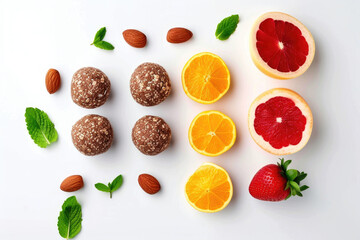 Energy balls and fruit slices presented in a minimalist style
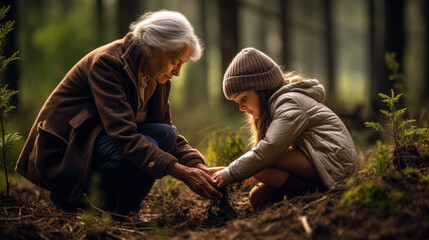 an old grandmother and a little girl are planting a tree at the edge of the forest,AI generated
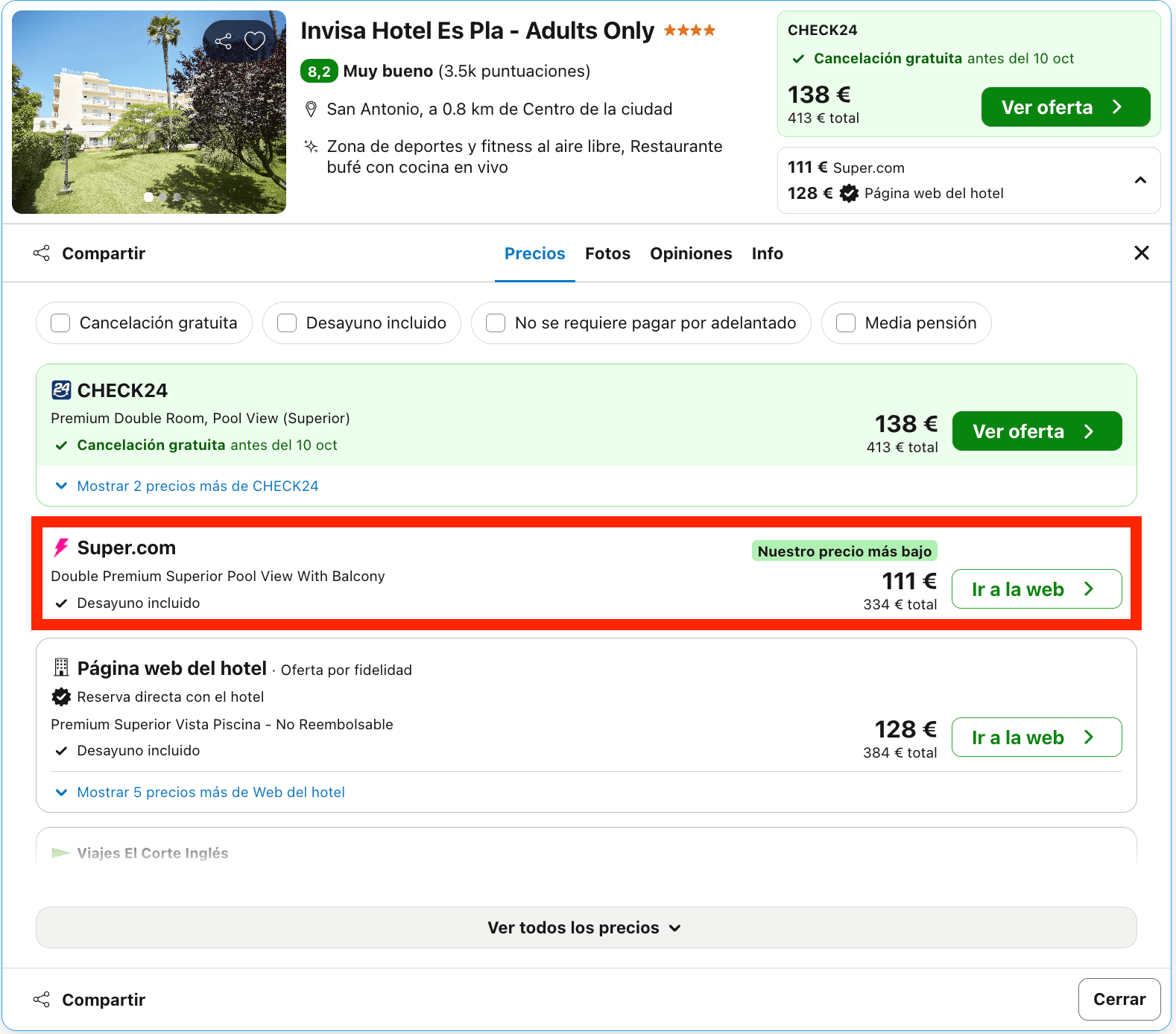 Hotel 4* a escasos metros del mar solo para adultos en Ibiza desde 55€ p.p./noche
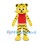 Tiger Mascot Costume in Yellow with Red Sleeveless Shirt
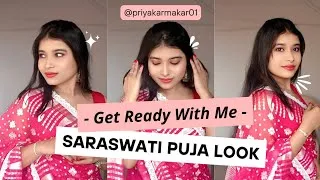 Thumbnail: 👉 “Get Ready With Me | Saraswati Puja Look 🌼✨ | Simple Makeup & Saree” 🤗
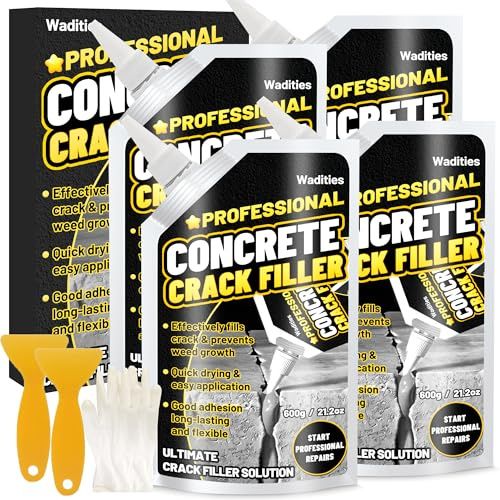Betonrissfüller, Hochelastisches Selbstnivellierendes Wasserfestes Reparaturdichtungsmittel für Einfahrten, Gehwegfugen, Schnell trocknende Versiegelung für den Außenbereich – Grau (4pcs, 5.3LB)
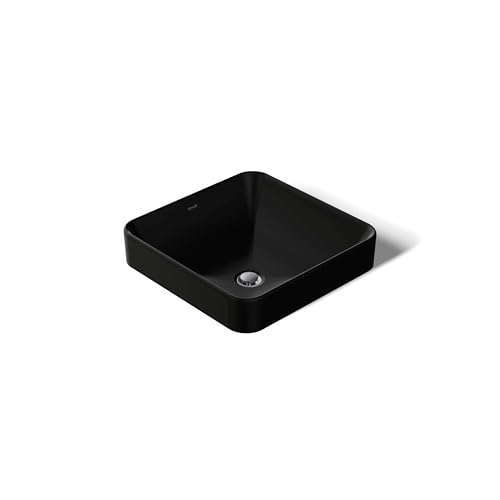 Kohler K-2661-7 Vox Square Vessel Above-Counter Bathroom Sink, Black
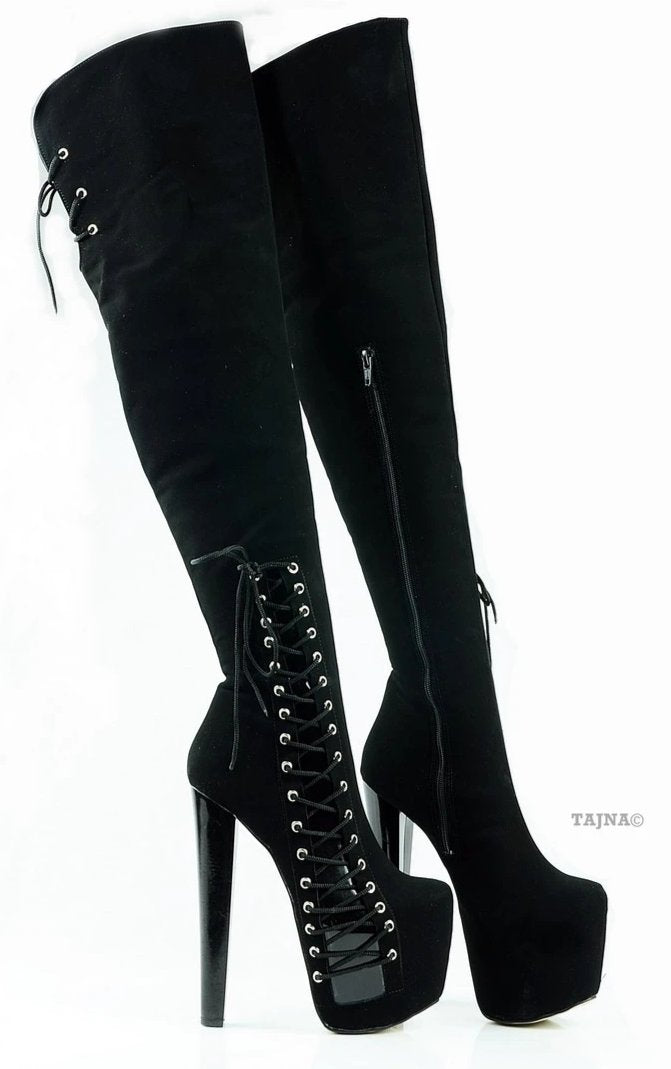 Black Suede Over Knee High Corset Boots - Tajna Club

---

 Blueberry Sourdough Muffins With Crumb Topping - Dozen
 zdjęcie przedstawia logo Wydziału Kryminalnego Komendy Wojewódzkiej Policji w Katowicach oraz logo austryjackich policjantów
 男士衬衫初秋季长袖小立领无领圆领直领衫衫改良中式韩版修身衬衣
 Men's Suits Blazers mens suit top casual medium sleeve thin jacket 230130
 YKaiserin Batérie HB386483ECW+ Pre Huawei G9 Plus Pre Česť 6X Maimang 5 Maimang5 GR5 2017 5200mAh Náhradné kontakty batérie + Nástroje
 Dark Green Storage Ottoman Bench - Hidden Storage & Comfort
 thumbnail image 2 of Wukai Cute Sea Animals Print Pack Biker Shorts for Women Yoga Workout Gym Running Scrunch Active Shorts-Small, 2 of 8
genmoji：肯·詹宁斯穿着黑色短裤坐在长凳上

--

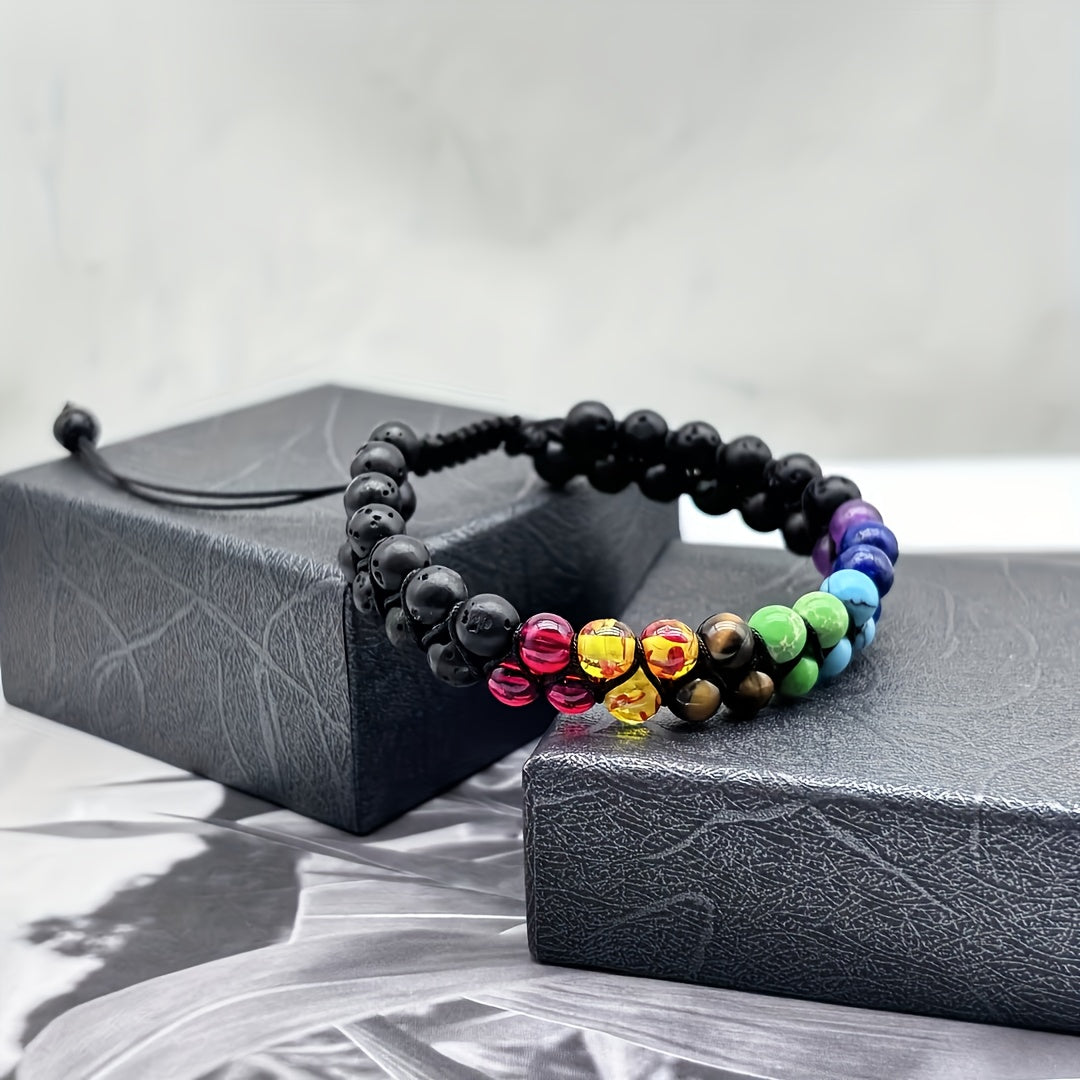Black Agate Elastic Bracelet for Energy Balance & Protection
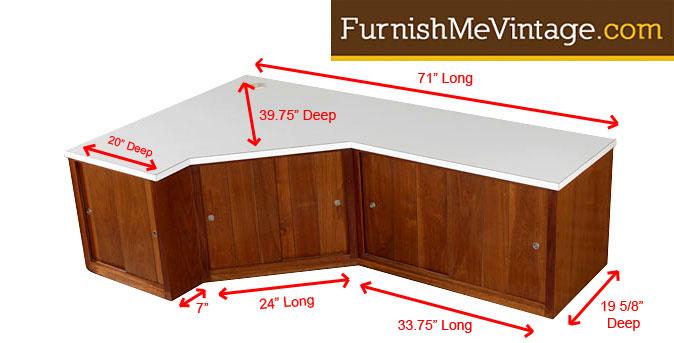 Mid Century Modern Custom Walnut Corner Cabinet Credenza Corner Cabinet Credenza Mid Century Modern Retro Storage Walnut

> [Exercise aim]: Your task is to copy only the lines above starting at the one containing "Tiger Mascot Costume" and ending at the one containing "Black Suede Over". Copy them exactly, both ends included, and omit the pictures.

> [Solution for this task]:
 Tiger Mascot Costume in Yellow with Red Sleeveless Shirt
 Thumbnail: 👉 “Get Ready With Me | Saraswati Puja Look 🌼✨ | Simple Makeup & Saree” 🤗
Betonrissfüller, Hochelastisches Selbstnivellierendes Wasserfestes Reparaturdichtungsmittel für Einfahrten, Gehwegfugen, Schnell trocknende Versiegelung für den Außenbereich – Grau (4pcs, 5.3LB)
 Kohler K-2661-7 Vox Square Vessel Above-Counter Bathroom Sink, Black
 Black Suede Over Knee High Corset Boots - Tajna Club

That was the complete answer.